Syntax extensions and regular expressions for Rust

sixbrx · on April 27, 2014

Very impressive. Especially the native regexs which will fail at compile time if they are invalid and which compile to a custom matcher machine (without having to express them in nasty template syntax). Rust has more macro-chops than I suspected.

pohl · on April 27, 2014

Aside from Servo itself, this is the coolest and most ambitious piece of Rust code I've yet seen.

I haven't had the pleasure of using a language with a good macro facility. What other sorts of applications do macros have, aside from this and type safe println are there? Could one make a json or XML parsing library with this technique? Or a driver for a database? How does one go about acquiring an intuition for when to use or not use them?

burntsushi · on April 27, 2014

Thanks for your kind comments. :)

> How does one go about acquiring an intuition for when to use or not use them?

Truthfully, I don't know. In this particular case, the benefits seem really clear: we get safety and performance increases.

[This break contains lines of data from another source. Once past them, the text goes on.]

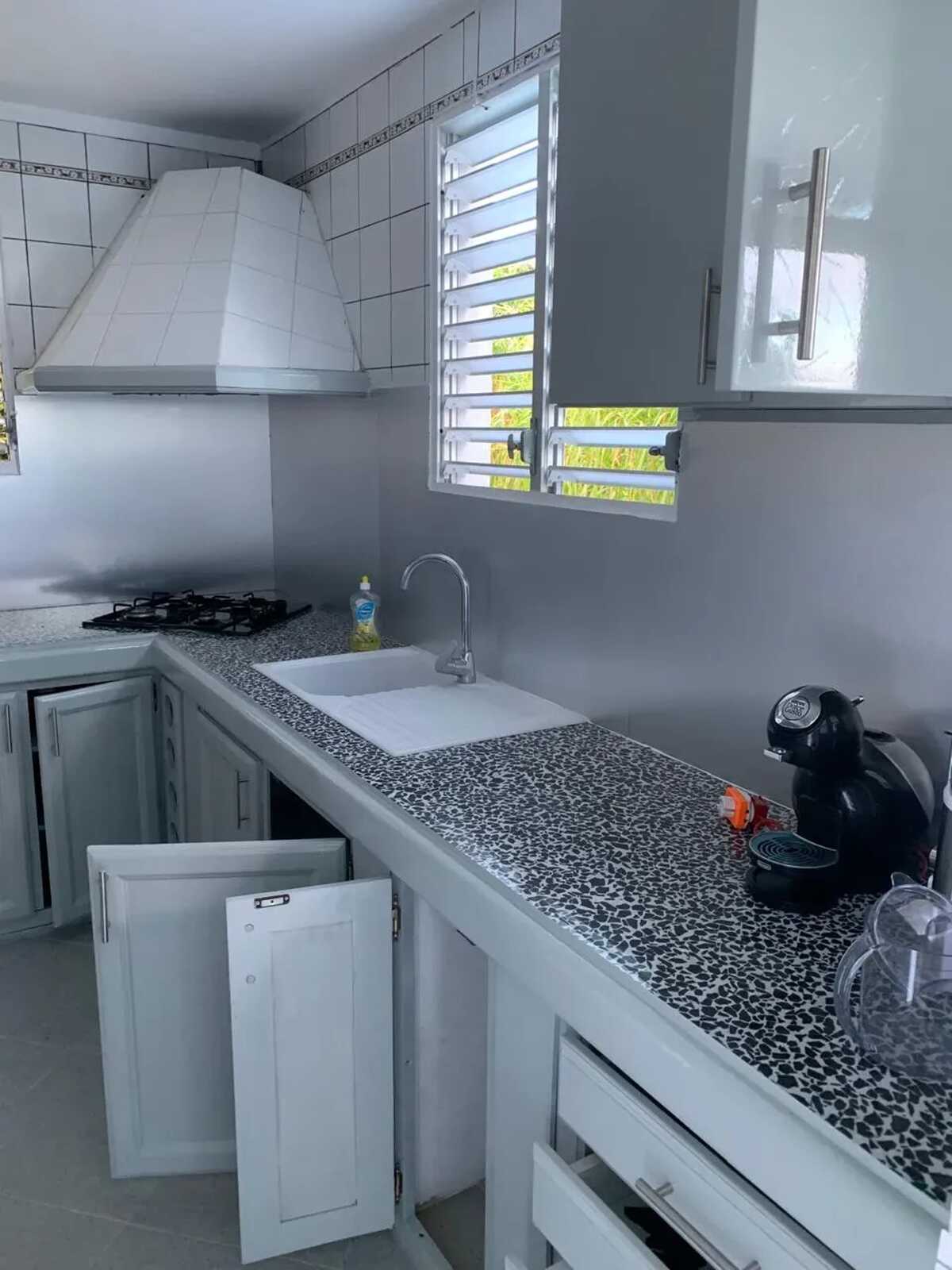 Maison 80 m² à Deshaies, 6 personnes, terrasse et jardin - Photo 4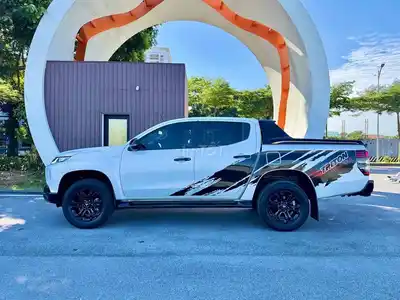 Mitsubishi Triton Athlete 2022 белый 60000 км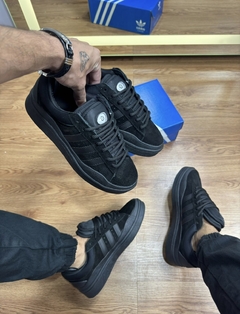 Campus Bad Bunny Preto/Preto Premium - Rms Premium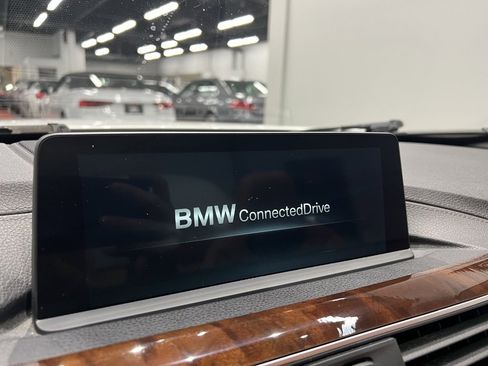 Used 2018 BMW 430i xDrive Convertible image 41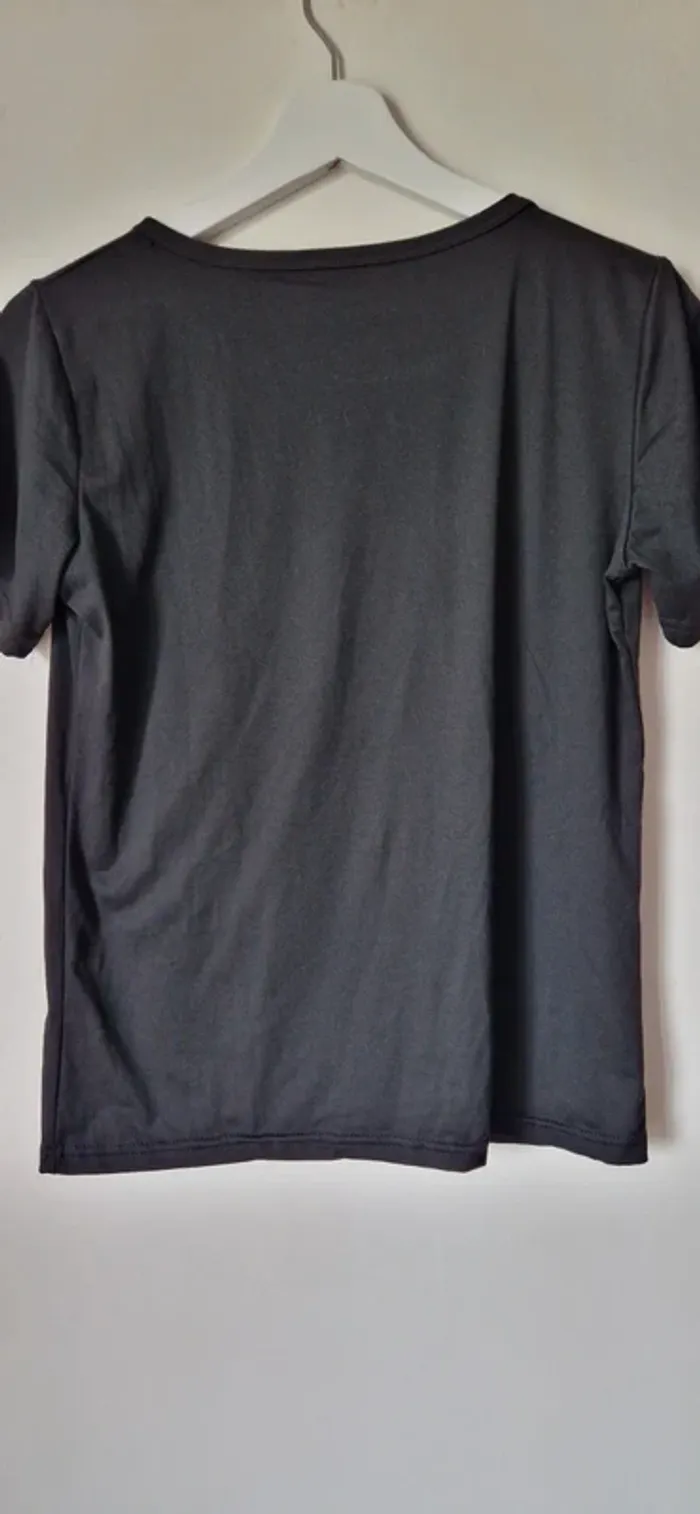 T.shirt mickey - photo numéro 3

But here's a caveat: the particular reason why this works well for regexes is because the common use case is to write the string literal corresponding to the regex into your program. This is what allows the macro facilities to kick in. For example, if the regex is derived from user input at runtime, then the `regex!` macro can't be used.

i.e., you can't do this:

    let restr = "a*";
    let re = regex!(restr);

The `regex!` macro must accept a string literal (or another macro invocation that produces a string literal).

pohl · on April 27, 2014

I see. So maybe if you had a fixed XSD or XSLT at compile time you could emit a faster but specialized parser or transformer. But maybe that wouldn't work out so well in practice.

I did find an interesting slide deck from the scala universe that mentions something like F# type providers (among other things) as possible applications.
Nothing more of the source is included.